Collected data entries
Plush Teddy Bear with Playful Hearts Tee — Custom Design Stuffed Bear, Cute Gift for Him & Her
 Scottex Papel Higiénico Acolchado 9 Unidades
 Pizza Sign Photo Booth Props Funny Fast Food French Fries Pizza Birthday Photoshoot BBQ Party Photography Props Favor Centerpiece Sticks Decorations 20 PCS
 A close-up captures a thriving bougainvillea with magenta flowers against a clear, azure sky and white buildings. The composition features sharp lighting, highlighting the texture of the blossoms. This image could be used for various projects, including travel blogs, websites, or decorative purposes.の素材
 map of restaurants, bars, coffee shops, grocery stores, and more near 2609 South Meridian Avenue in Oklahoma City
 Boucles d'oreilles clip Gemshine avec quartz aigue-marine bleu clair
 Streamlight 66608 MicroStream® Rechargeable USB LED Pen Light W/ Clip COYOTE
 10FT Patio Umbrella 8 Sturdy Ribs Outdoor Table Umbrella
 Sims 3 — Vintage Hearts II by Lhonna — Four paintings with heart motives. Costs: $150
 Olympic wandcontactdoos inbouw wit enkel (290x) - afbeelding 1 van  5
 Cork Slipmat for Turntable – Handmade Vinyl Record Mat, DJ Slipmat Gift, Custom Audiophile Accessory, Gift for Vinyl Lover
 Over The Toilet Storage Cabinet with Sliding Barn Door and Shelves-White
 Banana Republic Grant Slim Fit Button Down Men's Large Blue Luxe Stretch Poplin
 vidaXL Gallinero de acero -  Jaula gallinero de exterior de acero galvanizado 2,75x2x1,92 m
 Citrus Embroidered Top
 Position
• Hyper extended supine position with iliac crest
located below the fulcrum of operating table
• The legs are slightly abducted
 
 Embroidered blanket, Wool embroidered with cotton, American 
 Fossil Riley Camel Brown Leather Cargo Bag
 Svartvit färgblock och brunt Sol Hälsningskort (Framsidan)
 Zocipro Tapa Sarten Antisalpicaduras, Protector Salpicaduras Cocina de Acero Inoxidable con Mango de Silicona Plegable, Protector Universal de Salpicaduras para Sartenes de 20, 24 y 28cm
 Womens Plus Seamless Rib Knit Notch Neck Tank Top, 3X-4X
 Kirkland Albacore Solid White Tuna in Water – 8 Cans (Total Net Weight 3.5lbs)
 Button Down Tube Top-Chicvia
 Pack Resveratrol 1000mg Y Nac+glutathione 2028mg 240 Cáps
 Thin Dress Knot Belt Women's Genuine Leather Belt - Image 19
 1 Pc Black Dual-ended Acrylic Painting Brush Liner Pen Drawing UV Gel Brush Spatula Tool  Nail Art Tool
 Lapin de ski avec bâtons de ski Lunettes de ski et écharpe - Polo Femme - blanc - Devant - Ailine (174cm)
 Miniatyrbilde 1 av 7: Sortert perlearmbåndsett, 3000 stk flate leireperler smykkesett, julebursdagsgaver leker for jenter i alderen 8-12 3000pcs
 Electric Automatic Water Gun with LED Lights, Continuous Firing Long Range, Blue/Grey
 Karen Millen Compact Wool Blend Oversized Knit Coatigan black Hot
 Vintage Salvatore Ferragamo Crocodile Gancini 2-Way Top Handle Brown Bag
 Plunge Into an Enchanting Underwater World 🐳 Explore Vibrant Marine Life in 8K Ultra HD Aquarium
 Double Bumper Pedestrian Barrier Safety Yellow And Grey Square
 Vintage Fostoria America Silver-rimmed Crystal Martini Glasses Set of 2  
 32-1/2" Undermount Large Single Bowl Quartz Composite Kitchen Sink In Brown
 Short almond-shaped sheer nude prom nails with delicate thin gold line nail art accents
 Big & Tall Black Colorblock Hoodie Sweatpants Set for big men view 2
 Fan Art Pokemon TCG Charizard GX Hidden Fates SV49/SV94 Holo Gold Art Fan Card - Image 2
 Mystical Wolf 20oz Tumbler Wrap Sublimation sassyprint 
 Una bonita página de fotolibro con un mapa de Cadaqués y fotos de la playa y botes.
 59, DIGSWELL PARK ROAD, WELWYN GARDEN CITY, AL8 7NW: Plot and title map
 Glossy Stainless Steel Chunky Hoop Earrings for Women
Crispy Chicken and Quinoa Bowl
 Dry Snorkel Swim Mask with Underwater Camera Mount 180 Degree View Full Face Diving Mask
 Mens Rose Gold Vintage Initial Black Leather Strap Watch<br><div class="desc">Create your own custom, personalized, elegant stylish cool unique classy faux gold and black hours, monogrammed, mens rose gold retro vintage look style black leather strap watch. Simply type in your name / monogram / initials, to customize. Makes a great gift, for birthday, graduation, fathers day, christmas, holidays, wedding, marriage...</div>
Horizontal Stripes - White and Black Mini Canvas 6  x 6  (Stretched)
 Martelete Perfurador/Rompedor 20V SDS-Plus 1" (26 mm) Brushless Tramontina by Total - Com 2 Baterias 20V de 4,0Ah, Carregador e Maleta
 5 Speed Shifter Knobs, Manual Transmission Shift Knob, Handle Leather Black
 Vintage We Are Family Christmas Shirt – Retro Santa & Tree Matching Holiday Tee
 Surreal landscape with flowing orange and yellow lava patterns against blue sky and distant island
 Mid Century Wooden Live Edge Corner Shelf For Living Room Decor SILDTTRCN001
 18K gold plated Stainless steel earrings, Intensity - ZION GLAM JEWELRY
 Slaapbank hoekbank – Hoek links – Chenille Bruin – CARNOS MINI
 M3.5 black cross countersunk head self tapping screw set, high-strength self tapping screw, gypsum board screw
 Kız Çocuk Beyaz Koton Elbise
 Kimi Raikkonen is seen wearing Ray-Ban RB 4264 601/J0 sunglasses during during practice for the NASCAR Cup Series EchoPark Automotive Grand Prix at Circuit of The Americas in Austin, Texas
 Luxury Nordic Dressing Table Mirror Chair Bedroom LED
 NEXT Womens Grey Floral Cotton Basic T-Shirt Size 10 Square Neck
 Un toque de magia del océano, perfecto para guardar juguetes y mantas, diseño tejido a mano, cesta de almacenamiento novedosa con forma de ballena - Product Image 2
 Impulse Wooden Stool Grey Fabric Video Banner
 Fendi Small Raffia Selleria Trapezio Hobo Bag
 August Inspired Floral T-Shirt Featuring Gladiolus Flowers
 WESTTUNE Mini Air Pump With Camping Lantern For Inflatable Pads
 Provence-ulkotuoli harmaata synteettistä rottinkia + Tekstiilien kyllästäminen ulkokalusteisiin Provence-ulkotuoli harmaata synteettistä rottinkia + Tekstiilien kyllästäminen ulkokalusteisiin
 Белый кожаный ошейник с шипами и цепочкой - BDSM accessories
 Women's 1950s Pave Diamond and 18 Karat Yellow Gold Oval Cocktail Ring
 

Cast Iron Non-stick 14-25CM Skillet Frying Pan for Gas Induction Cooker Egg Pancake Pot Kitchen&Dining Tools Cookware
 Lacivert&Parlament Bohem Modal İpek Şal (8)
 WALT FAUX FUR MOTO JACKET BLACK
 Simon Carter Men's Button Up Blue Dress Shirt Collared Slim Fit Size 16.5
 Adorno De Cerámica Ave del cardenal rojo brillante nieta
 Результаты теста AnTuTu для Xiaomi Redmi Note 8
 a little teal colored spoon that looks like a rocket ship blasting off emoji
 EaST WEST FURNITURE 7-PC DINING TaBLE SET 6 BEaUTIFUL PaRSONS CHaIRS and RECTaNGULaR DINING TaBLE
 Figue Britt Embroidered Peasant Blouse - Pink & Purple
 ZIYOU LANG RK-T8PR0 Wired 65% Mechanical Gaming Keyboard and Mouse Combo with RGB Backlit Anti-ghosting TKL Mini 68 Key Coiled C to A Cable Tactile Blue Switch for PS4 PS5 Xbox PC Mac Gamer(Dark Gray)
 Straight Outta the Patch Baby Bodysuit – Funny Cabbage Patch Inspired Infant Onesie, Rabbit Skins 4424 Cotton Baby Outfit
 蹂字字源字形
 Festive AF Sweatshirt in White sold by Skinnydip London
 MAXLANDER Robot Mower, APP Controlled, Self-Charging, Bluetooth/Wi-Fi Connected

What you need to do:
Retype only the stretch of lines above starting at the one with "Boucles d'oreilles clip" and stopping at the one with "Sims 3 — Vintage", exactly as written, with both kept.

Written reply:
 Boucles d'oreilles clip Gemshine avec quartz aigue-marine bleu clair
 Streamlight 66608 MicroStream® Rechargeable USB LED Pen Light W/ Clip COYOTE
 10FT Patio Umbrella 8 Sturdy Ribs Outdoor Table Umbrella
 Sims 3 — Vintage Hearts II by Lhonna — Four paintings with heart motives. Costs: $150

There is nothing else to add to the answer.